Article Preview
TopIntroduction
In recent years, the continual development of data storage techniques makes it possible to store magnanimous data. New requirement has been raised for new technology to transform these data information to knowledge. While the magnanimity of these data requires that the processing approaches cannot repeatedly scan such data set several times since the scanning cost may be intolerable.

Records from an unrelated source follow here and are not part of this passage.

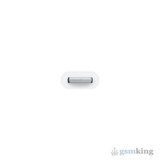 Apple Lightning to Micro USB Adapter Adapter MD820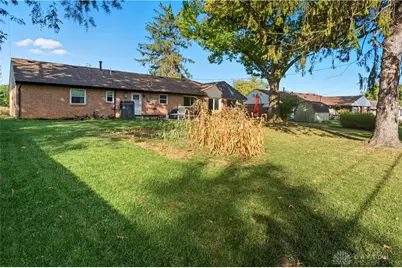 4190 Woodman Drive, Dayton, OH 45440 - Photo 34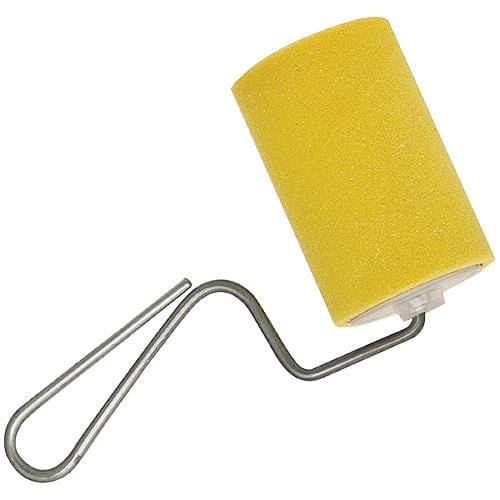 Wooster Brush Qualifies for Free Shipping Wooster Brush Pro Tiz Trim Roller 3" #R039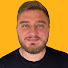 WWtkZaviajs-channel-avatar-Christian Freitag
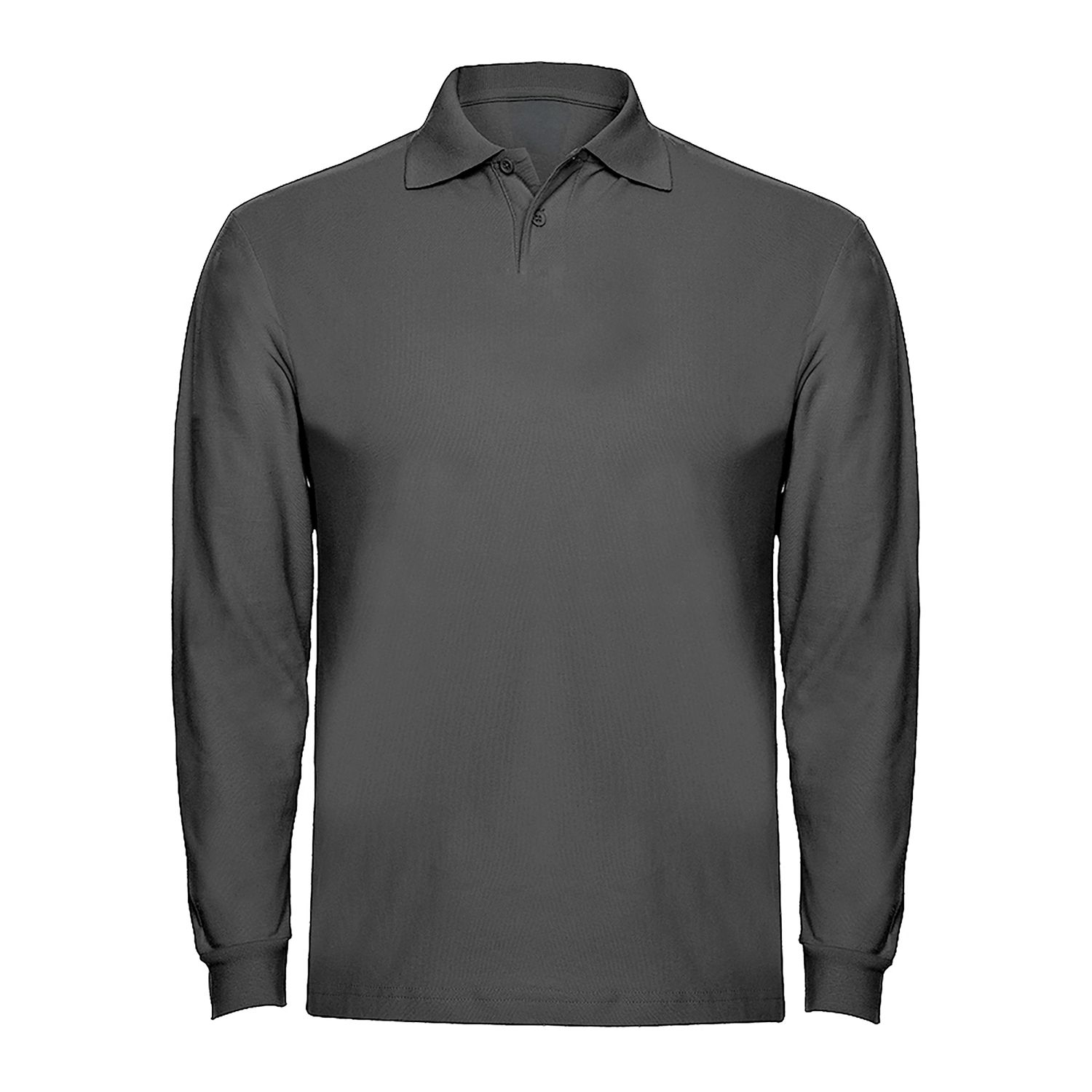 Polo Emera Long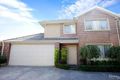 Property photo of 5/70-72 Princess Avenue Springvale VIC 3171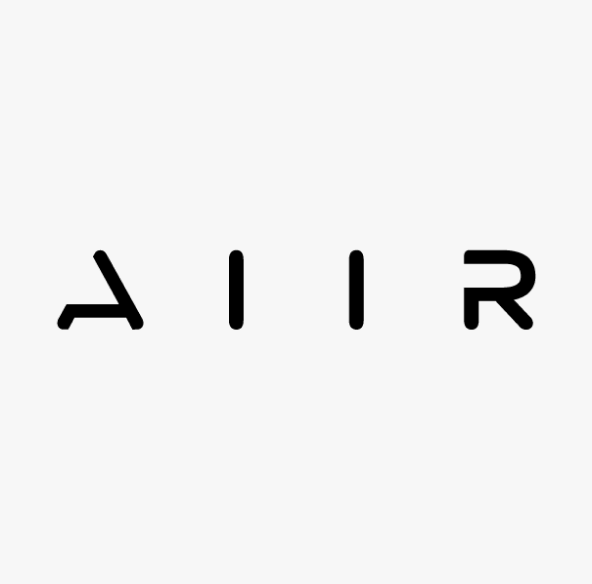 AIIR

Clustering is one of the most important tasks for data analysis. It partitions objects into meaningful groups called clusters according to given criteria. Cluster analysis has become one of the subject matters in several research fields such as statistics, pattern recognition, machine learning and data mining. Recently, various algorithms for clustering large data sets have been proposed. These algorithms are mainly based on sampling or incrementally loading structures. The sampling approaches (Aggarwal et al., 2009; Cheng et al., 1998; Guha et al., 1998; Kranen et al., 2011; Lee et al., 2009; Ng et al., 2002; Pal et al., 2002; Sakai et al., 2009; Yildizli et al., 2011) usually choose the samples by a certain rule such as chisquare or divergence hypothesis (Hathaway et al., 2006). The incremental approaches (Bradley et al., 1998; Farnstrom et al., 2000; Gupta et al., 2004; Karkkainen et al., 2007; Luhr et al., 2009; Nguyen-Hoang et al., 2009; Ning et al., 2009; O’Callaghan et al., 2002; Ramakrishnan et al., 1996; Siddiqui et al., 2009; Wan et al., 2010, 2011) generally maintain past knowledge from the previous runs of a clustering algorithm to produce or improve the future clustering model. Nevertheless, as Hore et al. (2007) pointed out, many existing algorithms for large and very large data sets are used for the crisp case, rarely for the fuzzy case. This is because fuzzy cluster needs to perform repeatedly the clustering iterations until the optimal solution or the acceptable approximate optimal solution is gained, and scan repeatedly the data set. This may greatly conflicts with the requirement of processing algorithm for large data set. Kwok, Smith, Lozano, and Taniar (2002) clustered insurance data set with an parallel fuzzy c-means (PFCM) clustering method. Hore, Hall, and Goldgof (2007) presented a single pass fuzzy c-means algorithm (SP) for clustering large data set, since FCM has innate sensitive dependence on noises, while in large data set, noises usually are unavoidable, and thus PFCM and SP have considerable trouble in noisy environments.